Material supplied:
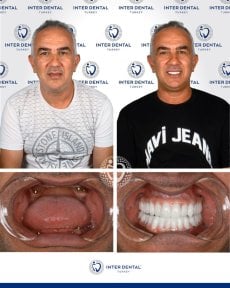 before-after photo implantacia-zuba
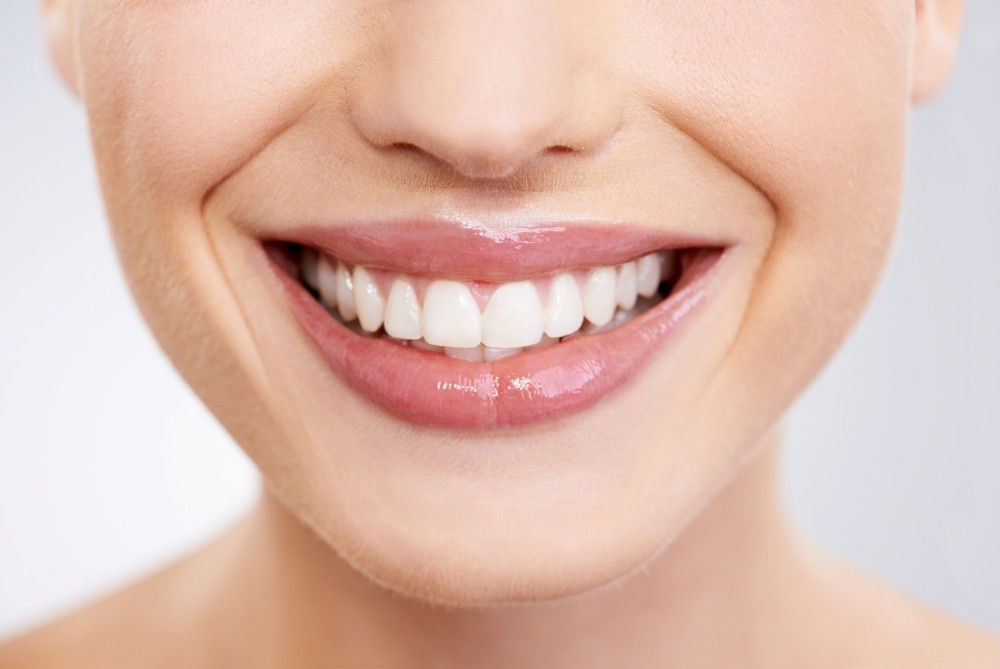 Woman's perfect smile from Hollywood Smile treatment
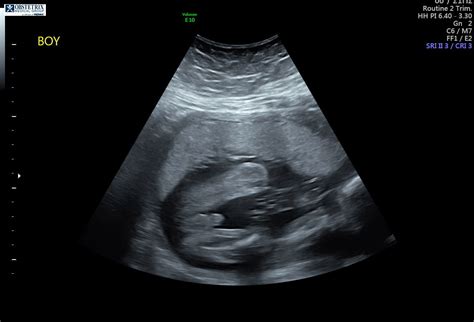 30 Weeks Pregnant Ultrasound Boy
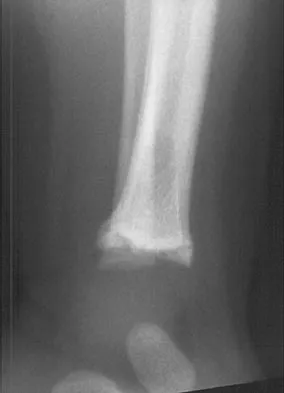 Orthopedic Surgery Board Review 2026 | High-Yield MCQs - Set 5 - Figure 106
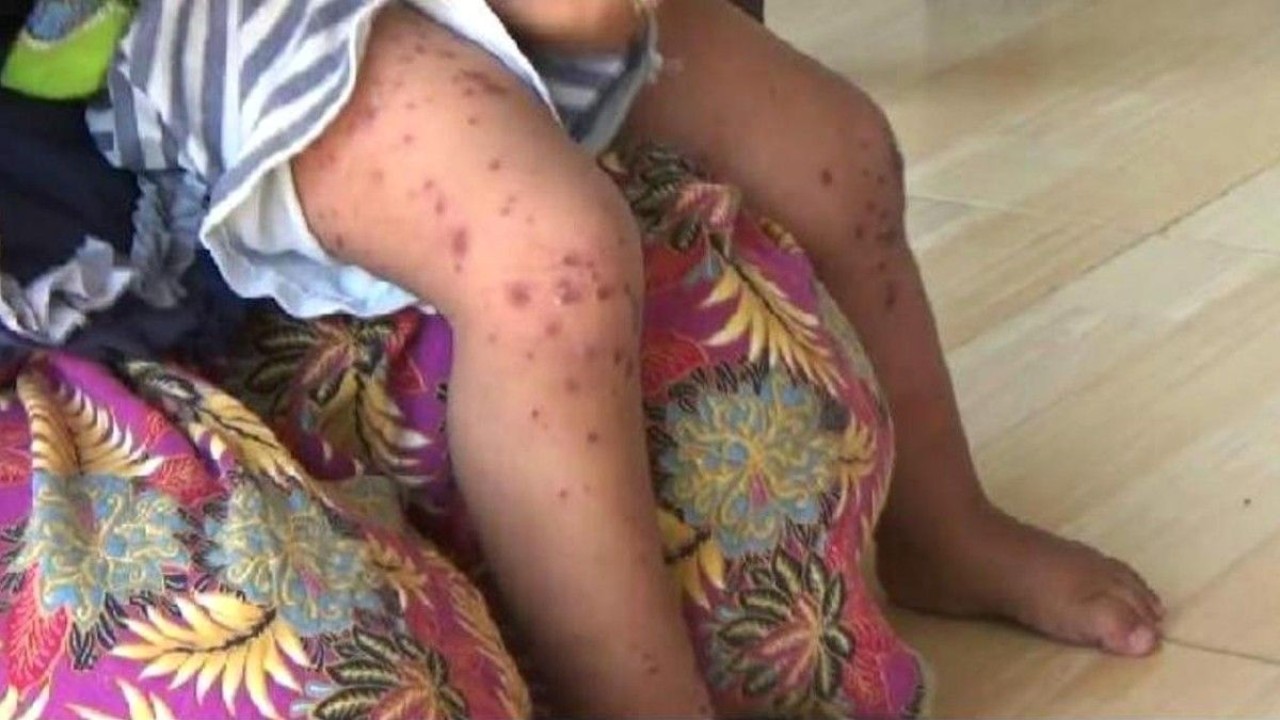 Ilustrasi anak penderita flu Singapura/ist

---

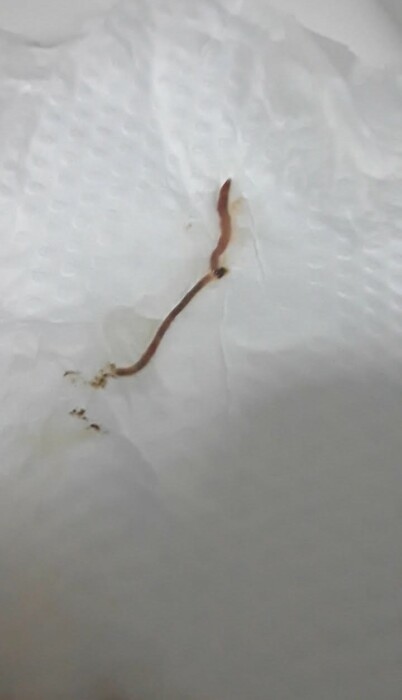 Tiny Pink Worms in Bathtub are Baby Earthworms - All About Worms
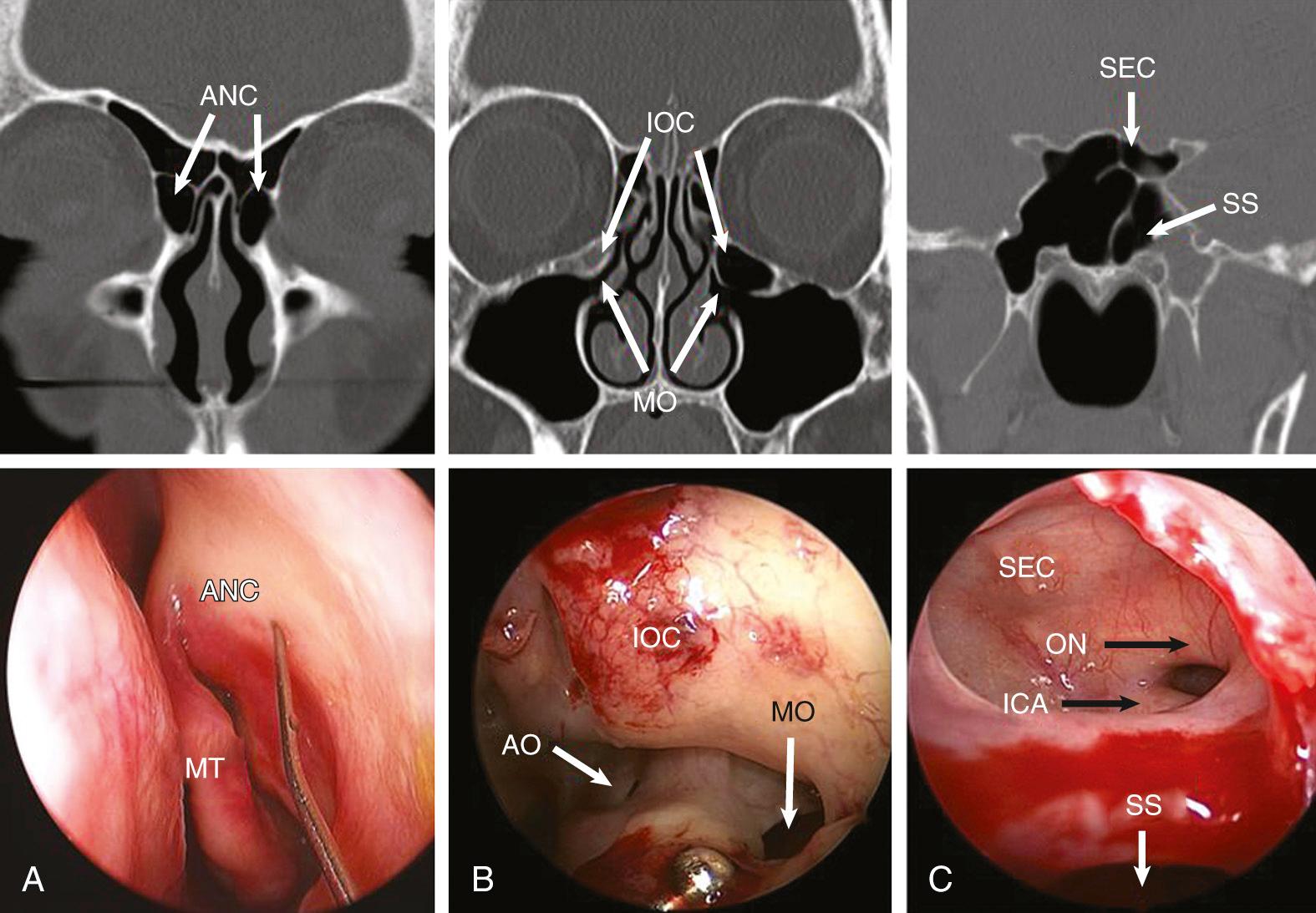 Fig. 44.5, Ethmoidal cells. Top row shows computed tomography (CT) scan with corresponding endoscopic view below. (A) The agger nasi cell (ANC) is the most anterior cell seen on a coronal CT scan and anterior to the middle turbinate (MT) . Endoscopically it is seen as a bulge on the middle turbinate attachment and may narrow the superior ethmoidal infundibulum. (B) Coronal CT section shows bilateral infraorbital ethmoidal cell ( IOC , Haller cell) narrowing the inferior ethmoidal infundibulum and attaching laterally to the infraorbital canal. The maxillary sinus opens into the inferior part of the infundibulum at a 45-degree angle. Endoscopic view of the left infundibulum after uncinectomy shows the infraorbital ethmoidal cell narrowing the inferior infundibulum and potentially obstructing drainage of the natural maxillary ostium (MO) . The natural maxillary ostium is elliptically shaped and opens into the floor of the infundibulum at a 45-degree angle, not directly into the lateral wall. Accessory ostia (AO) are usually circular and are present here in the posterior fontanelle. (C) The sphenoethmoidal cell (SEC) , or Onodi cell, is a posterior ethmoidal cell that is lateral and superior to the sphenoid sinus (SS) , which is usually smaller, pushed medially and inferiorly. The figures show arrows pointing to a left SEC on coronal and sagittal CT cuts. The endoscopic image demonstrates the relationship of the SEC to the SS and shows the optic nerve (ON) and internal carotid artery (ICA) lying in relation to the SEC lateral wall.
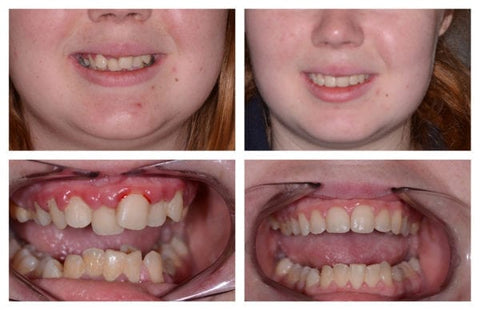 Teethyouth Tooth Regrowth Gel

--

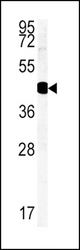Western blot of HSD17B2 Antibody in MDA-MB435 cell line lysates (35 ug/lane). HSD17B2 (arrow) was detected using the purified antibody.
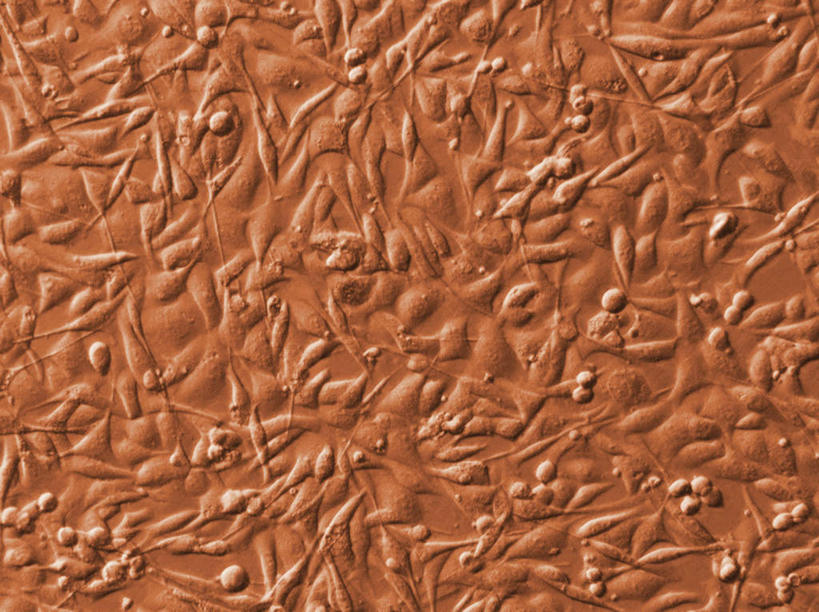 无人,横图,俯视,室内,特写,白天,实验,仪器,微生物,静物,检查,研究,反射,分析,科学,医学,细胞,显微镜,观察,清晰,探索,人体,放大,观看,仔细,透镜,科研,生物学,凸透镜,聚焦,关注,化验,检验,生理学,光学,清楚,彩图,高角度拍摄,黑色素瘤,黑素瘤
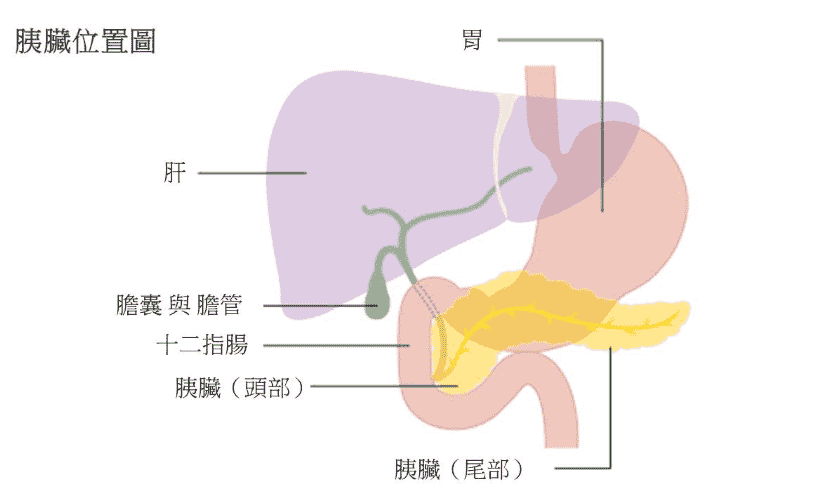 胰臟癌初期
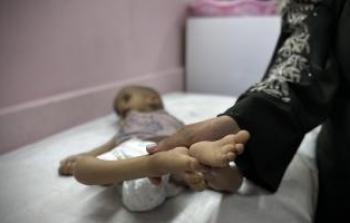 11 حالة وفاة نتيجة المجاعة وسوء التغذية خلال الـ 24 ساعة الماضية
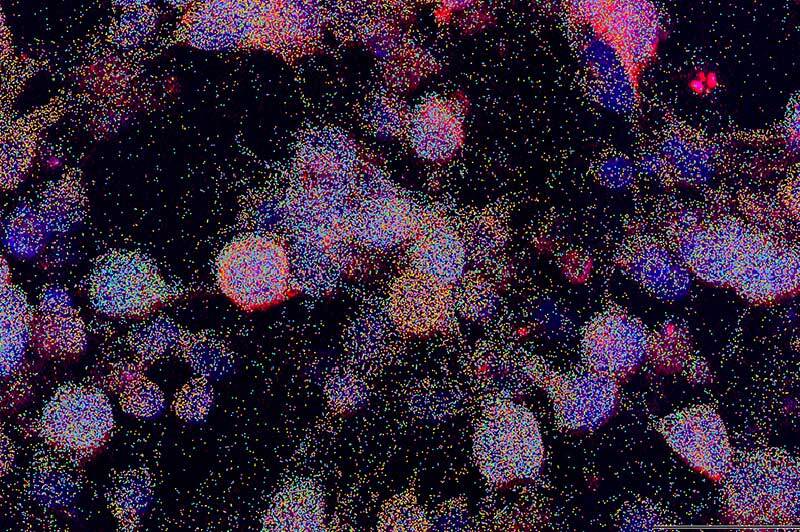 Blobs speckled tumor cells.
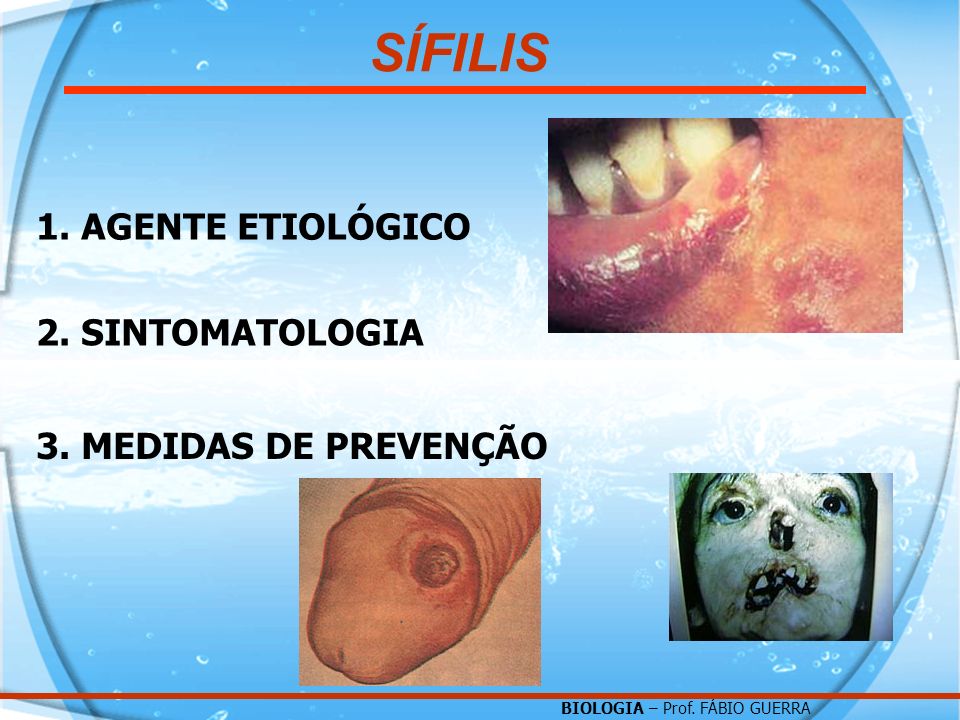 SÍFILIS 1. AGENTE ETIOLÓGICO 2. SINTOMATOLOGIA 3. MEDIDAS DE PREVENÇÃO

Work order:
Reproduce, exactly and only, the lines of the records above starting at the line with "无人,横图,俯视,室内,特写" and ending at the line with "SÍFILIS 1. AGENTE", both included. Leave every picture out.

Response area:
 无人,横图,俯视,室内,特写,白天,实验,仪器,微生物,静物,检查,研究,反射,分析,科学,医学,细胞,显微镜,观察,清晰,探索,人体,放大,观看,仔细,透镜,科研,生物学,凸透镜,聚焦,关注,化验,检验,生理学,光学,清楚,彩图,高角度拍摄,黑色素瘤,黑素瘤
 胰臟癌初期
 11 حالة وفاة نتيجة المجاعة وسوء التغذية خلال الـ 24 ساعة الماضية
 Blobs speckled tumor cells.
 SÍFILIS 1. AGENTE ETIOLÓGICO 2. SINTOMATOLOGIA 3. MEDIDAS DE PREVENÇÃO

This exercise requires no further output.